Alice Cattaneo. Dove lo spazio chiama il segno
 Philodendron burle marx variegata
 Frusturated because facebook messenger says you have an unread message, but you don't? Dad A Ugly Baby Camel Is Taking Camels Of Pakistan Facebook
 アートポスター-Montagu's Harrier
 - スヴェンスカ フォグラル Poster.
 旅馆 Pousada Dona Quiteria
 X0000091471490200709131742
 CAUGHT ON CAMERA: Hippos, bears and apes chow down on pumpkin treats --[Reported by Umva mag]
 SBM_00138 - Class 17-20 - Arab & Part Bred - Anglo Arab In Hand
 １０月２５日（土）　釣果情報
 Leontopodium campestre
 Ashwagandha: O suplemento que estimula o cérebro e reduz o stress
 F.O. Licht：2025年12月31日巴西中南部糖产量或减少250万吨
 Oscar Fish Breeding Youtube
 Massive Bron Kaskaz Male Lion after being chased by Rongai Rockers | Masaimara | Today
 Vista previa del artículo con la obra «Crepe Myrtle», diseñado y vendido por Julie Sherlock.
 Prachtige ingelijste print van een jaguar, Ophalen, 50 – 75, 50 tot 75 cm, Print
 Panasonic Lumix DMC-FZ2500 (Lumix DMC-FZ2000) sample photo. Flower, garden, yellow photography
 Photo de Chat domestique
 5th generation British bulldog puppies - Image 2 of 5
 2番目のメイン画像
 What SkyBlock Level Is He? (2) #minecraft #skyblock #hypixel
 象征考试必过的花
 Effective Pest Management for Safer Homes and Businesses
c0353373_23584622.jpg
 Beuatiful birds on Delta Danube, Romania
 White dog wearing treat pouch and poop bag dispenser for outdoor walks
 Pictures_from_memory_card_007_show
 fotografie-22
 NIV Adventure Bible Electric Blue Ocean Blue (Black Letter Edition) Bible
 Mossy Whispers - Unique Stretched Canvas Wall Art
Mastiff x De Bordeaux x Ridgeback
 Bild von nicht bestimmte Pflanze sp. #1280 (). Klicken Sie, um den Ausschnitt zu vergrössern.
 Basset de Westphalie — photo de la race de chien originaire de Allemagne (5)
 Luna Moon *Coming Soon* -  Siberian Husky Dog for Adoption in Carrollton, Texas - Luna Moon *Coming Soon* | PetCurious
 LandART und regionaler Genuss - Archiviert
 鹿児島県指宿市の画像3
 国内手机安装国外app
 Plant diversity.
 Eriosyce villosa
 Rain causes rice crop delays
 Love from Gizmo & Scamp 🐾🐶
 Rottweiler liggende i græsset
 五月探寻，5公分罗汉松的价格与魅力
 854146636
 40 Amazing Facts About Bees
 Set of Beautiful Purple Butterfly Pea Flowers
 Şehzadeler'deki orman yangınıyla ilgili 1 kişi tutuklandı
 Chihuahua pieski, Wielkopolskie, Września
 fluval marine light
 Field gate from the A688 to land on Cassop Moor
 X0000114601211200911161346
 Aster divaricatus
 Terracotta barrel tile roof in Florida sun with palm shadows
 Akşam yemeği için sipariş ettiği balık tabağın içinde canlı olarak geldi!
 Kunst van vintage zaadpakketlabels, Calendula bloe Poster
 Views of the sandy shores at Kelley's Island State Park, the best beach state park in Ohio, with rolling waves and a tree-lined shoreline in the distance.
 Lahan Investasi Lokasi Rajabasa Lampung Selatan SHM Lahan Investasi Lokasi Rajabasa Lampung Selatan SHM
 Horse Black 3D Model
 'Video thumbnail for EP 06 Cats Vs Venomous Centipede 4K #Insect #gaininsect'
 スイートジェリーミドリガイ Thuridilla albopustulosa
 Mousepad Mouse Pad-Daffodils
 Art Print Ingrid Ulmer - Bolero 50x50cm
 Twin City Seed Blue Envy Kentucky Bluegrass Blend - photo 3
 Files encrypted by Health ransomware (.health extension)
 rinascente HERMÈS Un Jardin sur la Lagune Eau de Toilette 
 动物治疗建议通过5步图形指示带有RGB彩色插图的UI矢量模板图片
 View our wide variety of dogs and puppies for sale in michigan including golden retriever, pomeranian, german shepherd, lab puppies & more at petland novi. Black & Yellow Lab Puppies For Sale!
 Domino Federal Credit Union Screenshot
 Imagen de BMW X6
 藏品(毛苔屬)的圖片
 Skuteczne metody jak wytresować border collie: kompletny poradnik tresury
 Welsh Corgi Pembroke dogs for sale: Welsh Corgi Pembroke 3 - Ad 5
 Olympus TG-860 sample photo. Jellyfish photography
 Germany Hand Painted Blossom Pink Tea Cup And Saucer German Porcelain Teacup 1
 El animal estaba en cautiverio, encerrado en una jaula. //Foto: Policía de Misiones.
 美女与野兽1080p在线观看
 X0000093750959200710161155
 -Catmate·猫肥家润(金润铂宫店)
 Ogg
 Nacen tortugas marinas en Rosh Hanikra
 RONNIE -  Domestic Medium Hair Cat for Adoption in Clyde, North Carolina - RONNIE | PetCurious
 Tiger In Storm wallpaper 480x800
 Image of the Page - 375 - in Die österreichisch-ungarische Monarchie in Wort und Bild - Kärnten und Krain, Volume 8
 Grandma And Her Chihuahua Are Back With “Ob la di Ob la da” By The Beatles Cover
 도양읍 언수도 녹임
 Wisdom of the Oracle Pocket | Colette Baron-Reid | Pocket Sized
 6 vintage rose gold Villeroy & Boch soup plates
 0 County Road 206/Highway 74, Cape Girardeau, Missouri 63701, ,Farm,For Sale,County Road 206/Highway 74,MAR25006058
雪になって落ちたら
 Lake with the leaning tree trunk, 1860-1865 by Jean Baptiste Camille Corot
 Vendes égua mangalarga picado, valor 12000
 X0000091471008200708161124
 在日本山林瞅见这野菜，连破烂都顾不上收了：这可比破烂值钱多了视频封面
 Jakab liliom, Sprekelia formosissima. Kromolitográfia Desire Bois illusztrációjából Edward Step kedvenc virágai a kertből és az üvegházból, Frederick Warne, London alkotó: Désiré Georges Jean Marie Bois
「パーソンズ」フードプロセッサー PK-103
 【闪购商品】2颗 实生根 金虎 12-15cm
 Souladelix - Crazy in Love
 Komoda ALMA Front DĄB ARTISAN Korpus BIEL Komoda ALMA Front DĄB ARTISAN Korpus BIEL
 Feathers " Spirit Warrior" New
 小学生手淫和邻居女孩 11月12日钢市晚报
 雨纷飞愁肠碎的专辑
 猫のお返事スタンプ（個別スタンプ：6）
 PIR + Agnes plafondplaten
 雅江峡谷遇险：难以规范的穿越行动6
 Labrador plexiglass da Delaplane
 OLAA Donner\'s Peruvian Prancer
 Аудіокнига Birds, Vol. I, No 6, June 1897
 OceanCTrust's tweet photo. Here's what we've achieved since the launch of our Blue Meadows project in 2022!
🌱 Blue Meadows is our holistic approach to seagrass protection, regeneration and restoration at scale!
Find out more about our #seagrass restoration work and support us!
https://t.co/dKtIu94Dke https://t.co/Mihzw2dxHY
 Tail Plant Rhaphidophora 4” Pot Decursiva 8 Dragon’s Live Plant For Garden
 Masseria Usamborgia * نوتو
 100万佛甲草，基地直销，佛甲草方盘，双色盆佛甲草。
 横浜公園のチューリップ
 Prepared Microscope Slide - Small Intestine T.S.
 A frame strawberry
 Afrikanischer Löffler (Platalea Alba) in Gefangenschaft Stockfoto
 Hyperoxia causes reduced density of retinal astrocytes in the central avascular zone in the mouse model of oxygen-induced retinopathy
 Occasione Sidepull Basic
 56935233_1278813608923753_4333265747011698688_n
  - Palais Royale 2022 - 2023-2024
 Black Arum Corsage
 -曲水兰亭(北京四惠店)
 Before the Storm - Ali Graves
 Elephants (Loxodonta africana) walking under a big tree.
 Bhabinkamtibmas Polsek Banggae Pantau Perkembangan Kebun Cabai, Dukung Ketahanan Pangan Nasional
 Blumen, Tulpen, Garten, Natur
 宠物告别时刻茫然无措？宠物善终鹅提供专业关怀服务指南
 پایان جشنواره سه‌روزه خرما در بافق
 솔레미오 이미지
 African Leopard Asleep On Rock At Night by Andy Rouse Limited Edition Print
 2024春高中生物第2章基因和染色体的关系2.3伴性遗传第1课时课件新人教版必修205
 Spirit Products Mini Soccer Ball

....................

Work instruction: Only the lines from the one containing "宠物告别时刻茫然无措？宠物善终鹅提供专业关怀服务指南" through the end of the listing belong in the response, each reproduced exactly.

Your solution:
 宠物告别时刻茫然无措？宠物善终鹅提供专业关怀服务指南
 پایان جشنواره سه‌روزه خرما در بافق
 솔레미오 이미지
 African Leopard Asleep On Rock At Night by Andy Rouse Limited Edition Print
 2024春高中生物第2章基因和染色体的关系2.3伴性遗传第1课时课件新人教版必修205
 Spirit Products Mini Soccer Ball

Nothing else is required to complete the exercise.